Я пошел вперед, пиная ногами камни, шелестя ветвями деревьев, чтобы привлечь внимание преследователей. А потом припустился бежать. Но не по дороге. Устроив соревнование в беге с препятствиями, я, пренебрегая дорогой, несся напрямик, перемахивая через могильные плиты. К счастью, в такую погоду можно было не опасаться вспугнуть какую-нибудь парочку, устроившую на кладбище тайное свидание. Дождь прошел, и месяц, проглядывавший сквозь разрывы среди туч, освещал мокрые могильные плиты. В туфлях для прыжков с ходу перемахнуть через них ничего не стоило, а в простых ботинках нужно сперва вскочить на плиту, потом спрыгнуть с нее. Одно это уже давало преимущество во времени. Вдобавок могильные плиты были расположены в шахматном порядке, а не параллельно друг другу, и тропинка петляла между ними, выписывая причудливые арабески. Планировщику кладбища, как видно, претила мысль о дружеском общении покойников. Но в затруднительном положении оказались не только покойники – моим преследователям, перебравшись через очередную плиту, всякий раз приходилось определять, к какой могиле нужно бежать, чтобы продолжить движение по прямой. Когда расстояние между нами достаточно увеличится, они потеряют представление, куда бежать, рассыплются в разные стороны и, гоняясь друг за другом, в конце концов потеряют меня из виду.

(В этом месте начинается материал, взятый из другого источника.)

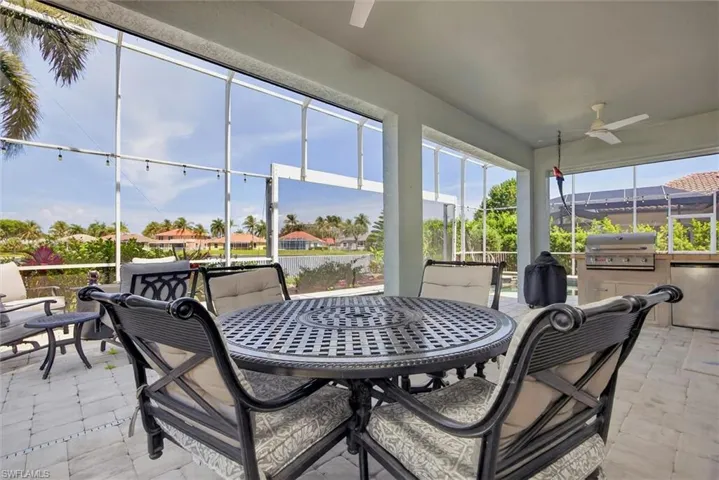 14017 Clear Water Ln, Fort Myers, Florida 33907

Размеренно дыша, напружинив мышцы, я бежал плавно и быстро. Скоро топот пяти человек, потерявших ориентировку, должен остаться там, далеко позади. Но как ни странно, все пятеро неотступно, словно повторенная пятикратно моя тень, следовали за мной. Может быть, мне это кажется, подумал я и побежал быстрее. Топот сзади ускорился. Я свернул в сторону. В ту же секунду изменил направление и топот. Наверно, эти юнцы тоже достали туфли для прыжков. Кому-то из моих сослуживцев удалось продать их. Обскакали меня, подлецы. А может, они сами заказали их. Но сбытом туфель занимаюсь я, и лучше бы провести эту сделку через меня. Мне бы достались и комиссионные, и все заслуги в области сбыта.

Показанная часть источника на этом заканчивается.